### TASK ITEM
What follows is a set of records; repeat all of them exactly.

Source data:
= Beginning of Section =

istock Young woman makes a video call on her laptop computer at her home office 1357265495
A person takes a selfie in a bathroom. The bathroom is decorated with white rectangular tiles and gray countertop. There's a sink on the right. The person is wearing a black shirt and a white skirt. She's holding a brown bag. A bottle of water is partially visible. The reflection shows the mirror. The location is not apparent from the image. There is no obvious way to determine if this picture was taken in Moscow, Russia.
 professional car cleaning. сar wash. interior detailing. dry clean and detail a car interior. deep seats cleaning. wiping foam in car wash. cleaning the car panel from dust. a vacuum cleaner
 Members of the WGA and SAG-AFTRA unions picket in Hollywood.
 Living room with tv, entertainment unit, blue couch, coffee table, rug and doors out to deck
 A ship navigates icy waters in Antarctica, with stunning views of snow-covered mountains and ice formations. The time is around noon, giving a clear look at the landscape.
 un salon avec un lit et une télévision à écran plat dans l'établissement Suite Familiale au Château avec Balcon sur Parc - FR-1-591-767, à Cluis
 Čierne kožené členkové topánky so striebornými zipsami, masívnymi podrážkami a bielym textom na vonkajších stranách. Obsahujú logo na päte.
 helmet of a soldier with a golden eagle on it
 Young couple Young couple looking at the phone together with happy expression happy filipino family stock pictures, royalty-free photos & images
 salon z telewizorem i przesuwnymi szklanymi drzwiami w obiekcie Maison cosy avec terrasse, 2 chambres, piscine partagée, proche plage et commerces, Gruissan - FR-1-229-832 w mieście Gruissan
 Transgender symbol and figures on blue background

= End of Section =

### OUTPUT OF THE EXERCISE
istock Young woman makes a video call on her laptop computer at her home office 1357265495
A person takes a selfie in a bathroom. The bathroom is decorated with white rectangular tiles and gray countertop. There's a sink on the right. The person is wearing a black shirt and a white skirt. She's holding a brown bag. A bottle of water is partially visible. The reflection shows the mirror. The location is not apparent from the image. There is no obvious way to determine if this picture was taken in Moscow, Russia.
 professional car cleaning. сar wash. interior detailing. dry clean and detail a car interior. deep seats cleaning. wiping foam in car wash. cleaning the car panel from dust. a vacuum cleaner
 Members of the WGA and SAG-AFTRA unions picket in Hollywood.
 Living room with tv, entertainment unit, blue couch, coffee table, rug and doors out to deck
 A ship navigates icy waters in Antarctica, with stunning views of snow-covered mountains and ice formations. The time is around noon, giving a clear look at the landscape.
 un salon avec un lit et une télévision à écran plat dans l'établissement Suite Familiale au Château avec Balcon sur Parc - FR-1-591-767, à Cluis
 Čierne kožené členkové topánky so striebornými zipsami, masívnymi podrážkami a bielym textom na vonkajších stranách. Obsahujú logo na päte.
 helmet of a soldier with a golden eagle on it
 Young couple Young couple looking at the phone together with happy expression happy filipino family stock pictures, royalty-free photos & images
 salon z telewizorem i przesuwnymi szklanymi drzwiami w obiekcie Maison cosy avec terrasse, 2 chambres, piscine partagée, proche plage et commerces, Gruissan - FR-1-229-832 w mieście Gruissan
 Transgender symbol and figures on blue background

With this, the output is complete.